O PSD foi o “bombo” da festa e o líder saiu com o aval que queria. Nem tudo foi pacífico, mas André Ventura já vê um partido mais “maduro” e “civilizado” para enfrentar o desafio mais imediato. Será mesmo assim, a caminho das legislativas? Um balanço do IV Congresso do Chega, em Viseu.
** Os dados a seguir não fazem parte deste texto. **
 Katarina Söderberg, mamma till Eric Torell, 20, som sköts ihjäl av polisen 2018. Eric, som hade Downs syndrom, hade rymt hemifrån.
Um “enorme salto de maturidade”?
Parecem já longínquos os tempos em que o Chega era palco de uma guerra civil permanente entre fações, cujo ponto de ebulição ocorreu na convenção de Évora, no ano passado. Para André Ventura, o congresso deste fim de semana em Viseu foi “o melhor de todos” pelo exemplo dado. Embora tenha reconhecido a existência de momentos tensos, destacou “o enorme salto de maturidade” dos militantes e dirigentes. “Mostrámos que somos civilizados, soubemos discutir sem lavar roupa suja”, reforçou. A narrativa – mais ou menos maquilhada consoante as opiniões – vem fazendo o seu caminho, tendo em conta a ideia de apresentar ao País uma versão do Chega mais adequada à necessidade de parecer um parceiro respeitável, por muito que o líder continue a insistir na ideia de que o partido não se vai moderar. “Estamos finalmente a caminho da civilização”, comentava, sorridente, um dirigente do núcleo duro de Ventura, numa pausa do congresso. A direção de Ventura e os órgãos por ele apoiados foram eleitos com mais de 85 por cento dos votos. No seu discurso de tomada de posse do cargo de presidente do Conselho de Jurisdição, Rodrigo Taxa não se conteve e prometeu “ir atrás” de todos aqueles que se opuserem à direção nacional.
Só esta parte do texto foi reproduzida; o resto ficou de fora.